The first point is more nuanced, though. What appears to be going on is that belief in God allows some kind of metaphysical safety net and feeling of security at times of turmoil, threat and insecurity. This insecurity theory can be seen as religion as reassurance. Immerzeel and van Tubergen state, of research concentrating on 26 European nations:
…it appears that all kinds of insecurities play a role. Specifically, we find, among others, that religiosity is higher among people who have an insecure job position, whose parents were unemployed, whose parents had a lower status job, who have experienced a war in their own country, who have lost their partner, and who reside in a country with lower social welfare spending and a higher unemployment rate. On a more general level, it is concluded that both (i) economic and existential; (ii) past and present; and (iii) individual and contextual insecurities are important in explaining (cross-national) variation in religiosity.

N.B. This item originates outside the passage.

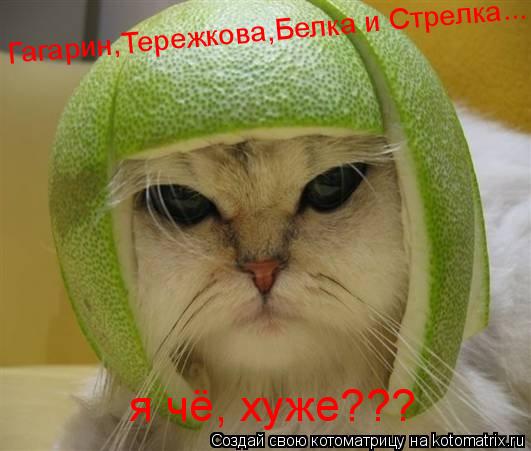 я чё, хуже??? Гагарин,Тережкова,Белка и Стрелка...... Котоматрица: я чё, хуже??? Гагарин,Тережкова,Белка и Стрелка...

In other words, religion is a psychological mechanism that is functional. This is primarily what my friend James A. Lindsay looked at in his book Everybody Is Wrong About God, for which I was consulted. God and religious belief are functional and play psychological roles in humans. As soon as we can fulfil those roles in other ways, secular ways, we have no need for God. So, whilst secularity itself does not cause greater well-being in and of itself, the association with all those other beneficial ideals is clear.
The other problem is that religions are usually strict moral codes that are woefully outdated and result from a fundamental lack of understanding of the world. As such, it is no wonder that minorities and otherised portions of society feel better served under secularised nations. You only have to look at the imminent threat to women’s sexual and reproductive health and rights to understand this. In strict Christian Dominionism, you could argue for adulterers to be stoned. So I think secularised nations are obviously going to be healthier places to live.
It’s very tempting for a white male in the US, or a Saudi Sunni Whabhist male in Riyadh to argue otherwise.